The verification of the Censorship in Granadilla de Abona located in the south of Tenerife, targeting the socialist mayor, Jennifer Miranda, as reported today by The Day, and which has been under examination by this publication since August 2024, reveals that CC has experienced no obstacles, sanitary cordon, or hindrance when forming alliances with the ultra-right centralist parties, particularly Vox, who reject autonomy. This has already occurred in Teguise (Lanzarote), albeit with the subsequent departure of the Vox mayor from the party; however, the significant shift at the local level transpired in January this year, with the entrance of representatives from Abascal (2 councillors) in Arona, the third-largest municipality in Tenerife, following the ousting of mayor Fatima Lemes (PP) from her coalition partners, more by Arona.
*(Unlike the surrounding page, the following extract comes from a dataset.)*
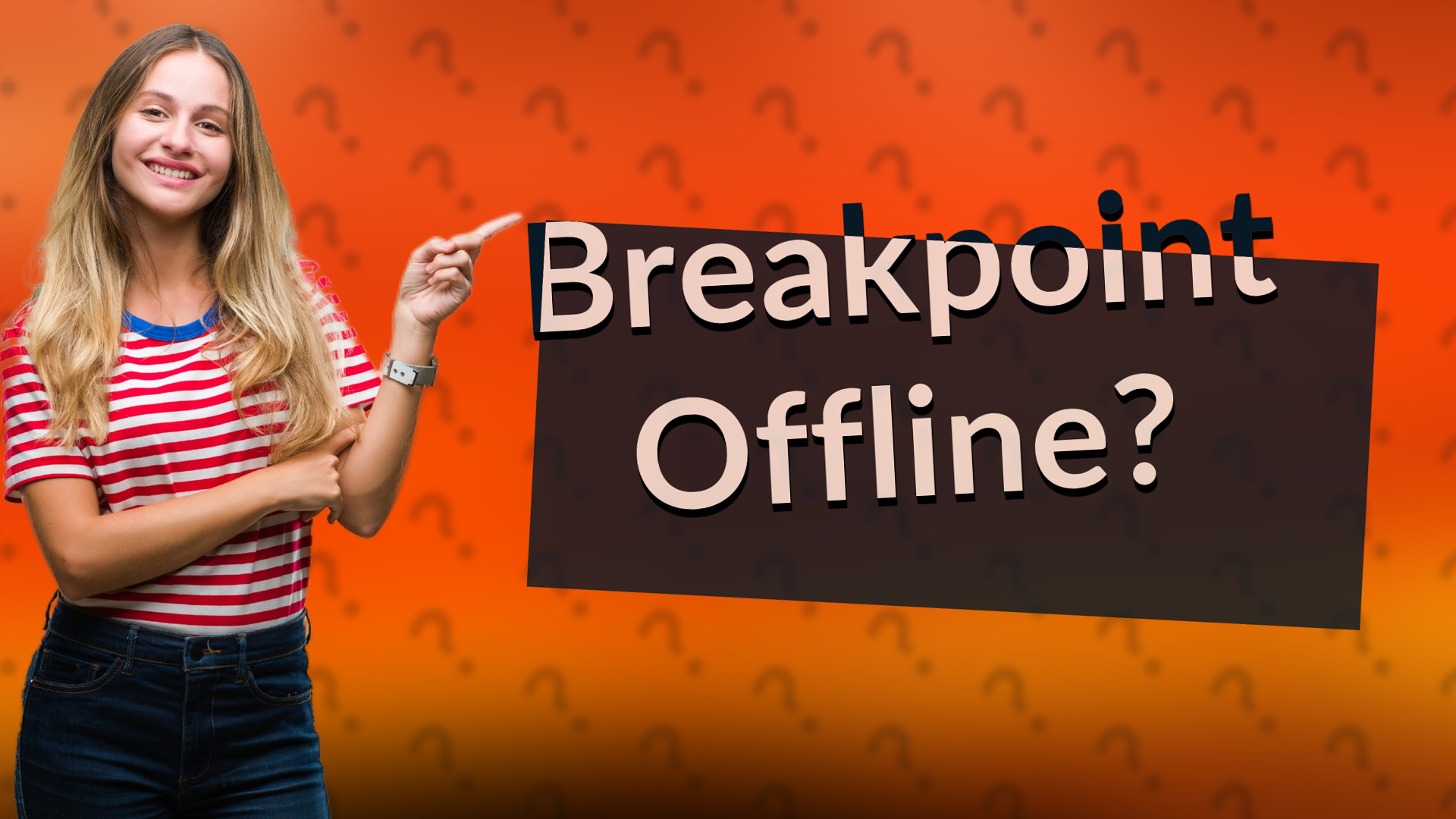 Breakpoint Offline?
Many have delved deeply for seven months to contest this censorship in Granadilla, yet its negotiations were indicated from the outset by senior levels within the PP, CC, and even Vox to this publication. The fact that their signatures were provided while convening at the Presidency of the Canary Islands government is neither trivial nor incidental. On the contrary, it exemplifies the principle of CC across various administrations that compromises can be made if it leads to power, particularly in a municipality housing the principal airport of Tenerife, with an industrial port that, despite being underutilised and often debated, possesses significant potential, as well as a expanding and prosperous population (approximately 57,000 residents in 2024, making it the fifth-largest municipality on the island). Furthermore, the individual taking over the Mayor’s Office, José Domingo Regalado (CC), is still serving as an advisor to Clavijo in the Presidency, and such a signature exemplifies a pact that, possibly without Arona, would have became obscured and confined merely to a local context and personal relations.
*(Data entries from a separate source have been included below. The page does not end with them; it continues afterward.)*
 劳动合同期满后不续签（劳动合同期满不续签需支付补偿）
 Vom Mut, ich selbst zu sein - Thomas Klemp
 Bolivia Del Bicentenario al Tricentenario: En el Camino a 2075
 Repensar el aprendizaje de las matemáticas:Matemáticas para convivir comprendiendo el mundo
Actually, there is nothing novel regarding an agreement between CC and Vox in Granadilla. In truth, the two councillors from the ultra-right party relinquished their votes to the nationalists to facilitate Regalado’s candidacy for mayor, but this was thwarted by the alliance between the PSOE and the two PP councillors.
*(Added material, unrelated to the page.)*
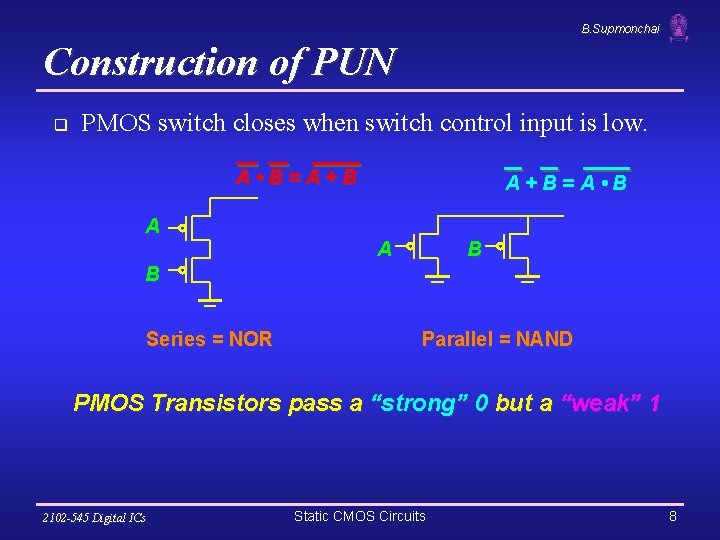B. Supmonchai Construction of PUN q PMOS switch closes when switch control input is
Since that moment, initiatives among high-ranking officials to revive the censorship at the port of La Cruz on August 16, 2024, intensified, although Granadilla had made previous attempts. The crucial factor in the southern municipality has remained unchanged: securing just one PP mayor would provide the essential 13 votes (plus the 10 from CC and 2 from Vox). However, mayor Bianca Cerbán has consistently refused to sever ties with the socialists, leaving only the spokesman, Marco Antonio Rodríguez, as an option. Regardless of this councillor’s insistence about their productive collaboration with the PSOE, the determining factor lay in the two prior PP councillors who departed from the party during the last term and ultimately ran as candidates for CC, thus enabling a breakthrough in the censorship agreement achieved not insignificantly within the Government’s presidency, a negotiation led by Manuel Domínguez, which even President Clavijo did not deny to the highest echelons of the Canarian PSOE.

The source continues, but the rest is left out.